The trend in digital transaction has been increasing every year. Maybe we see the coin becoming useless in our lifetime. Maybe.
Very interesting reading this post. Personally I use cash for small purchases so I can get coins to go through. The rest is done with plastic. What really gets my is when someone in front of me at check out starts writing a check. Now that's old.
I live in Thailand and use cash about 99% of the time. Of course, that cash comes from an ATM into which I shove my plastic...still, I think most of the world, away from the big cities and high tech enclaves, still does it the old fashioned way. I actually carried cash and paid for several vehicles. Big wads of cash, over half a million baht. I see nothing wrong with it at all. I wouldn't mind making some big buy with gold bullion, as long as both the buyer and seller knew full well the value of the gold that day. My dad told me he remembered seeing his dad buy and sell small farms and the money was double eagles stacked on a table there in the farm house.
Tell your brother to do what I do to fulfill that absurd requirement. I use that particular card five times at the gas station. I pump $.02 to $.03 each time into my car. I'd do one cent if I could, but the pump just goes too fast for a penny sale.
I have no bank account. I have direct deposit. My cashed checked gets deposited directly in my safe. The only plastic I have is a money card to pay my bills online. And buy coins online. The last time I had a credit card was sometime in the late 90's. I have found one thing I can't purchase in all that time with cash or the money card. Car rental, you have to have a credit card for car rental. There may be some other things I would need a credit card for, but, I haven't found them. I used to use my money card all the time. Hardly would use cash. Then one day at a restaurant some punk kid stole my card info. Before we could even drive back home he had bought $300 worth of high end clothes on line. That was the end of using plastic in public at all costs. Occasionally I have to use the card, because, someone won't accept over a $20 bill. Which is absurd, there are plenty of ways to tell if a bill is counterfeit.
I noted above in this thread that my CC had been compromised somehow, but that card is rarely out of my possession. I know that there are CC scanners that thieves put into gas pumps, but in checking, that card had not been used in a gas pump for many months. I live in a bad part of town where people are robbed at gunpoint often, so I don't carry much cash, usually less than $25. I was in Walmart the other day when a very elderly woman was trying to pay for her groceries with a 30 - 40 year-old $100 bill.

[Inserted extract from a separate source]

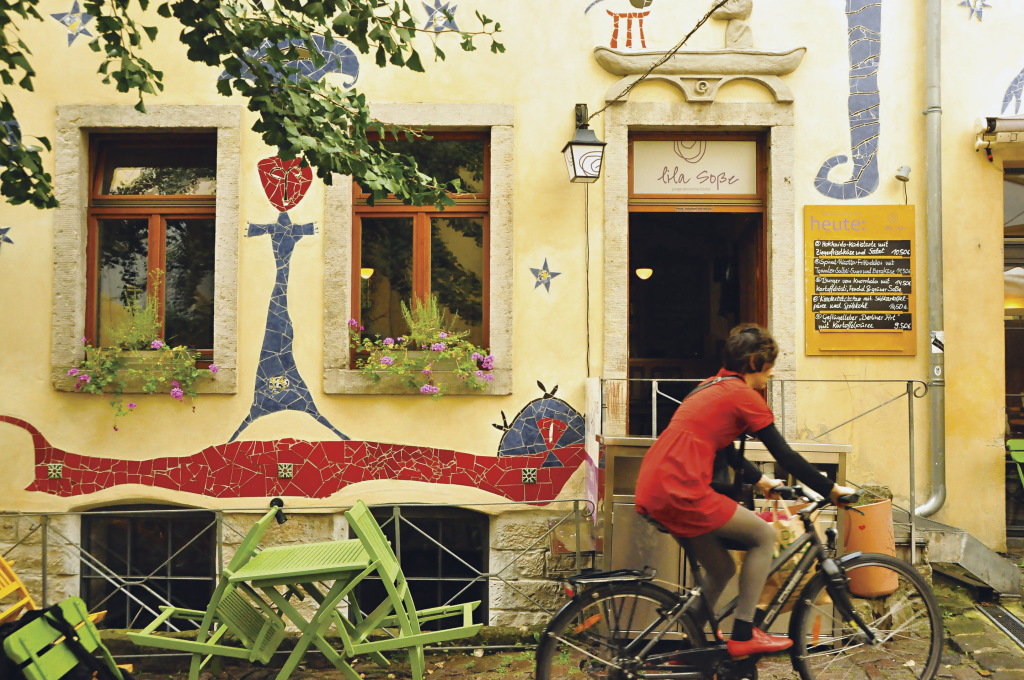 Fachada do restaurante Lila Soße, Dresden, Alemanha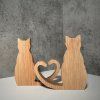 Set of 2 Handmade Oak Cat Figurines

Walmart employees would not accept it, saying that it wasn't good. The woman, obviously in her eighties was beside herself and told the manager that these were from much of the cash that her now-departed spouse had kept in the family safe for years. I suggested that she take this bill to her bank and ask to break it into smaller bills.
Most places have a minimum charge, for good reason. Card companies charge retailers 25 to 35 cents for every card swipe and then a percentage of the sale for credit. For fuel, the retailer is extremely lucky if they make 10 cents a gal on gas, usually it's more like 6 cents and none of this is profit after overhead.